# Potato Crab Balls



## mish (Dec 1, 2005)

While I have not tried this one yet, it's different from the same old same old, crab cakes. 

2 med potatoes, peeled & cut into chunks
Salt & black pepper to taste
1 tbsp butter
8 oz crabmeat
1 egg
2 tbsp breadcrumbs
Seasonings:
Salt & black pepper, to taste
1/2 tsp garlic salt
1/2 tsp dried sweet basil
1 tsp white wine
1 tsp worcestershire sauce

Variations:
1/2 cup walnuts, finely chopped or
1/2 cup plain breadcrumbs, cornflakes or potato chips, finely crushed

Bring potatoes to a boil till soft. While potatoes are boiling, combine, crabmeat, eggs, breadcrumbs & seasonings; mix well. Set aside.
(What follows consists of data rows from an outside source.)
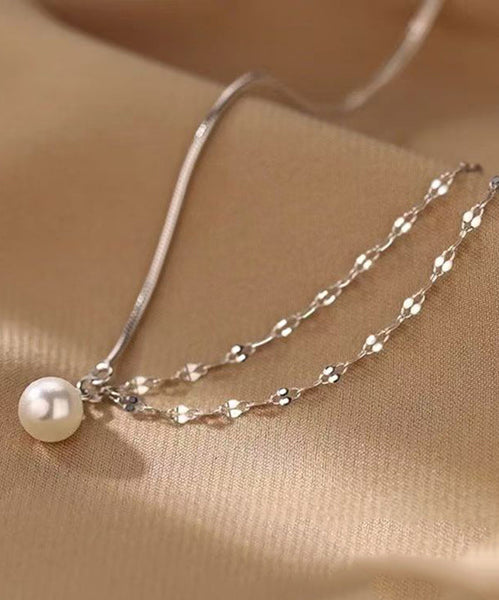 Modern Silk Sterling Silver Double Layer Pearl Pendant Necklace RA012 ABC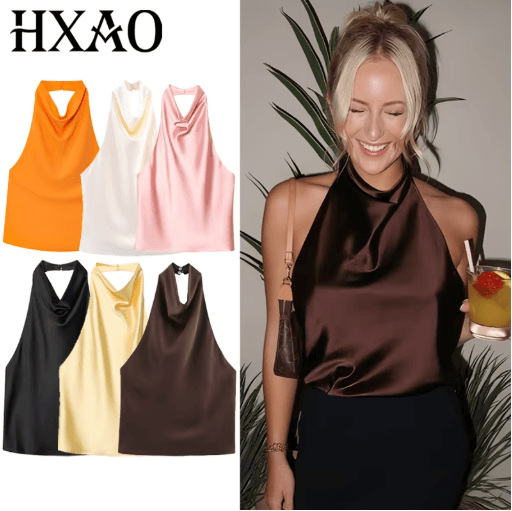 HXAO Satin Halter Backless Corset Top Elegant Summer Tank For Women green m(us 6)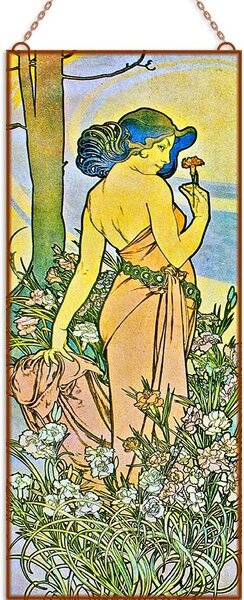 Alphonse Mucha - Szegfű üvegkép, falikép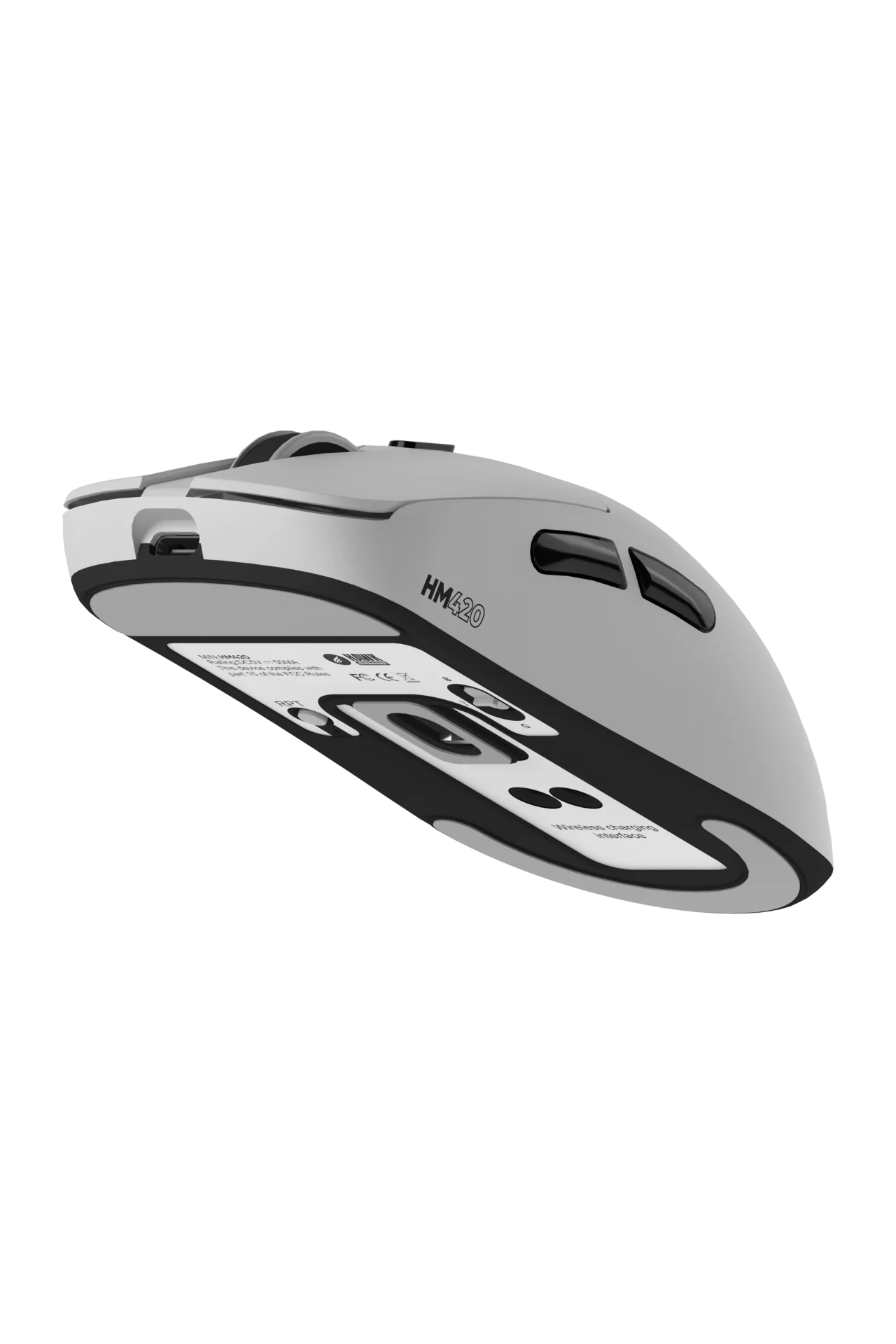 HM420 4K Hz 26000 DPI Tri-Mode Kablosuz/Bluetooth Şarj Standlı Beyaz Gaming Oyuncu Mouse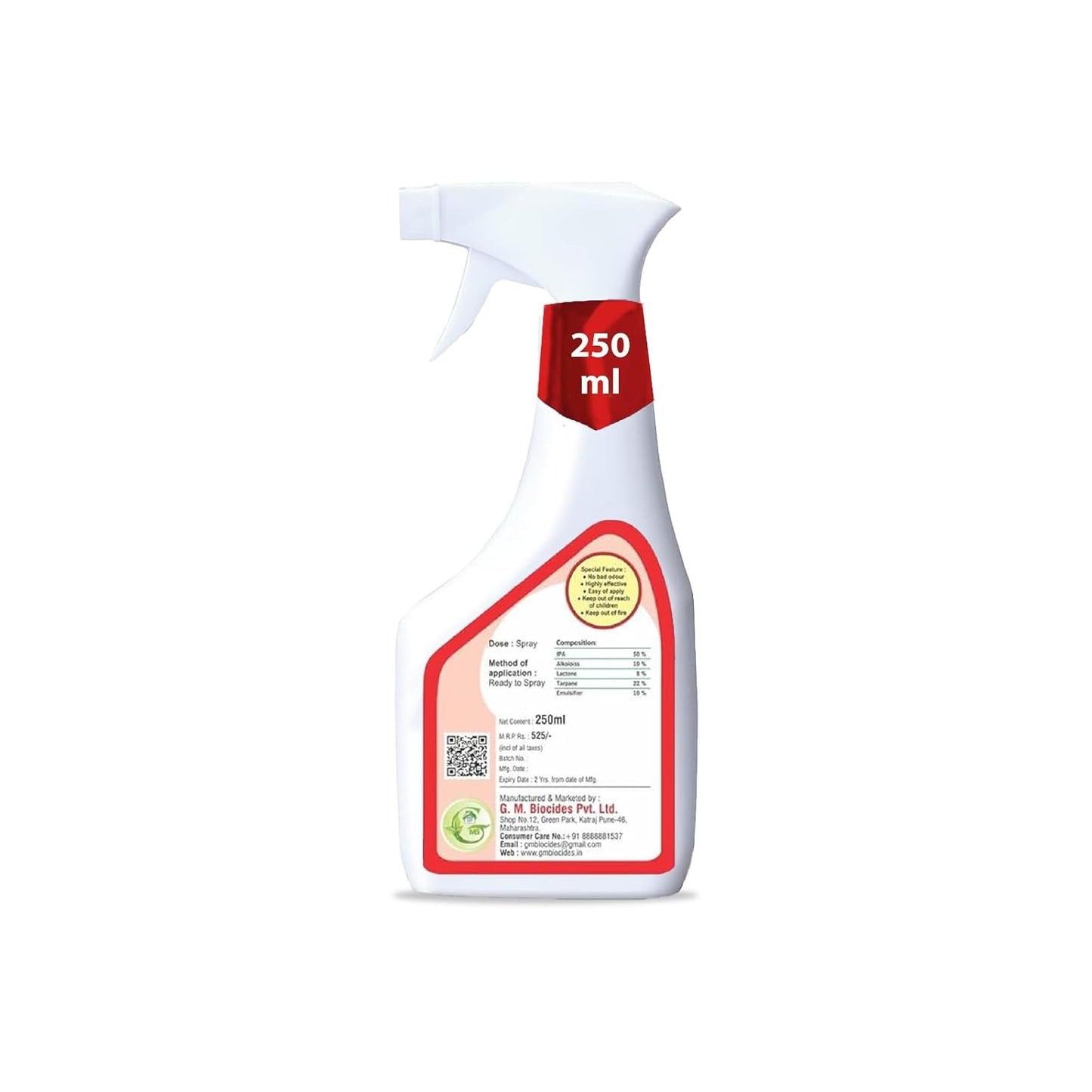 Amish Herbal Cockroach Spray 250 ml Pack Of 1 |10 Minutes Formula |Removes Entire Cockroach colony|Powerful 100% Organic No Chemical Cockroach Repellent Spray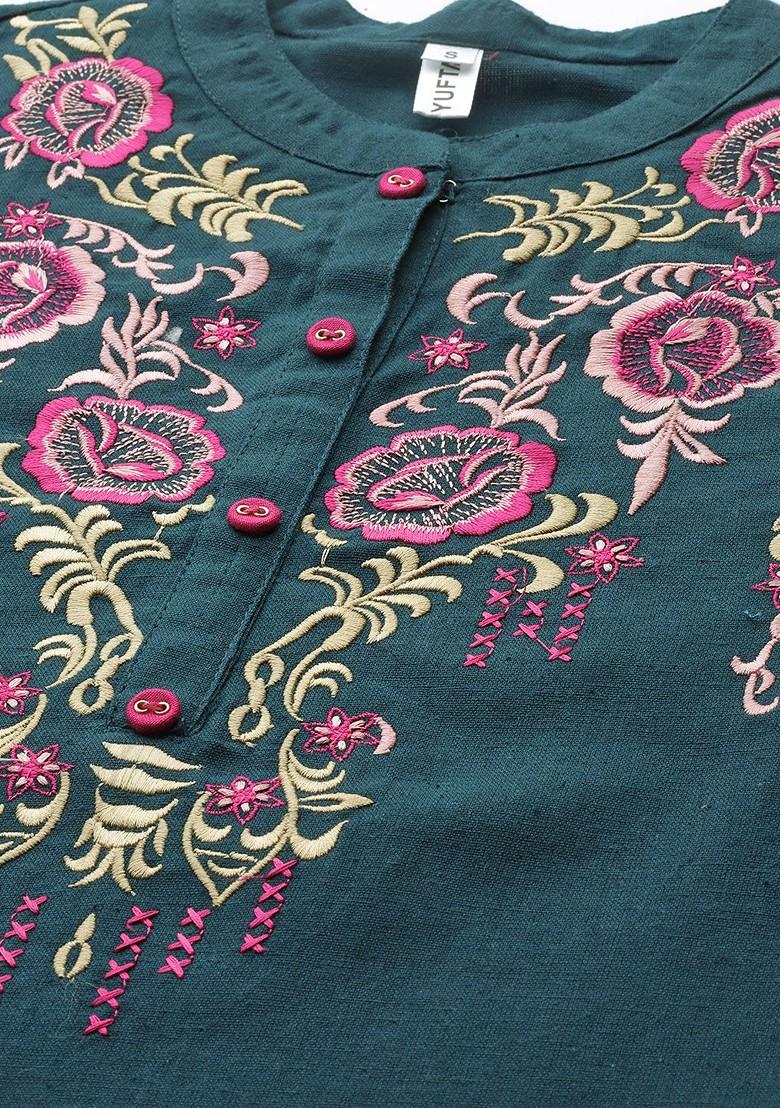 Green Embroidered Poly Blend Top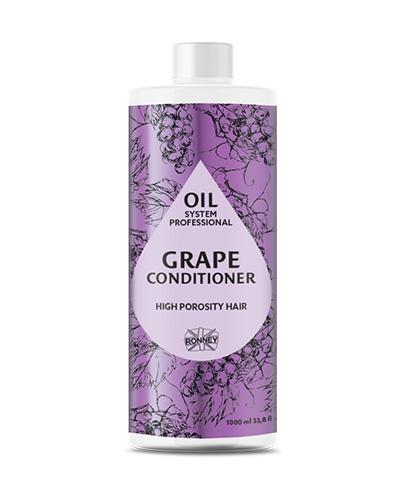 RONNEY Professional Oil System Odżywka GRAPE, włosy wysokoporowate, 1000 ml zdjęcie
Mash cooked potatoes & add butter; mix thoroughly. Season with salt & black pepper. Roll crabmeat mixture into the size of a small ball.

Scoop 1 tbsp of mashed potatoes to make it into a ball, then press flat & wrap it around the crab ball. Wrap well & roll it into a round ball. Heat oil & deep fry crabmeat balls till golden brown. Serve hot with chili sauce.

For variations, coat crab balls with either one of the suggestions above before deep frying. May also mix everything together to form balls & deep fry.

Make sure hands are damp but not wet when working with potatoes so they won't stick to your hands.


----------



## marmalady (Dec 2, 2005)

Mish, these look yummy - and great for folks planning holiday parties on a budget, too!

There's an old Italian restaurant in NYC, Little Italy, that serves 'shrimp balls'; sounds like a similar recipe, tho I don't think there were potatoes in it.  They were deep fried, had chunks of shrimp, and were served over pasta with red sauce.  Yum!


----------